広報誌「かけはし」
 
■2004年7月 No.394
時評

真のニーズを考えよう!
―カード化の推進にあたって―


 キャッシュレス時代になって久しいが、今や行政サービス面でも徐々に個人生活に即応した「IT化」が浸透してきた。
 生活周辺の各方面でIT風が吹くなか、「被保険者証のカード化」も時機を得たテーマであることは間違いない。それでは実際に、全国約1、600組合のカード化に対する取り組みはどのような状況になっているのだろうか、健保連によると今年3月時点で次のように把握している。
 まず「カード化の実施状況」については65組合が実施済みで、その形態別では厚紙…3、二次元バーコード…7、ICチップ利用…3、その他プラスチック等…52、実施に向けて検討中が28組合ある。
 実施する「メリット」として被保険者(含、家族)の利便性を上げる一方、「デメリット」では医療機関の受診者把握ミス、カード紛失の多発等としている。このなかで気がかりな点は厚労省が平成13年4月に施行規則の改正を行いカード化の実施を打ち出したにもかかわらず、3カ年が経過した今においても、その実施予定込みで、カード化の実施率は全体の6%弱にとどまっているということである。この数字にこそ我々がカード化を前に日頃、抱えている悩ましさの本質があるように思える。

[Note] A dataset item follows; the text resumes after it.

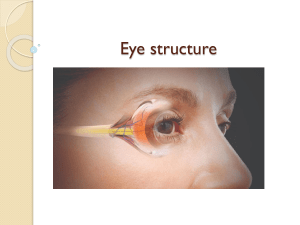 Eye Structure: Anatomy and Function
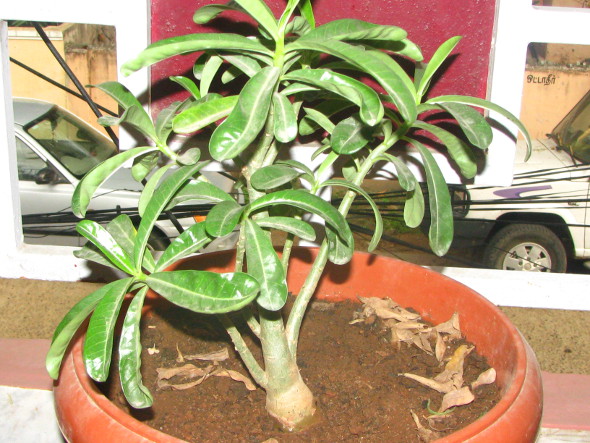 My own Adenium Plant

 もとより、カード化の狙いは「医療を受ける側(被保険者)」、「医療を提供する側(医療機関)」、「適正な医療費を支払う側(保険者)」の三者それぞれの立場での利便性、効率性等が満たされるところにある。しかし、このような高度な、いわば理想的な機能を持つカードに仕上げるには現時点でクリアすべき課題が多すぎるのも事実である。その第1点は、4、5年先とされている「医療制度の抜本改革」が不透明であること。第2点として、カード化に際し、この三位一体の機能を統合するには、技術面(含、インフラ)で相当の時間とコストが必要となる。このようにカード化推進の環境が不透明な現在、その推進に躊躇の雰囲気が漂うのも自然な流れかも知れない。従って、先の健保連の調査結果に見る実施済みの組合が単なるプラスチックや、厚紙で対応していることもうなずける。
 このような状況下、政府管掌健康保険が今年の3月にプラスチックカード化を完了し、健康保険組合も予定されていた平成17年の証更新時期にカード化をと考えているところもあることを考え併せた場合、カード化の実施率が来年度にはかなり上がるものと予測される。
 しかしながら、前述したようにカード化の本来の目的を達成するための条件整備が遅々として進まない状況のなかにあって、カードにICチップを導入する等の対応時に、必ず再作製が必要となる。プラスチック等のカード化を被保険者の利便性の確保を図るというメリットのみで考える風潮に疑問を感じざるを得ない。
 以上のことから、カード化の実施は組合個々の実情を勘案し保険者の裁量に委ねられていることを踏まえ、時代のすう勢に流されることなく対応すべきと考える。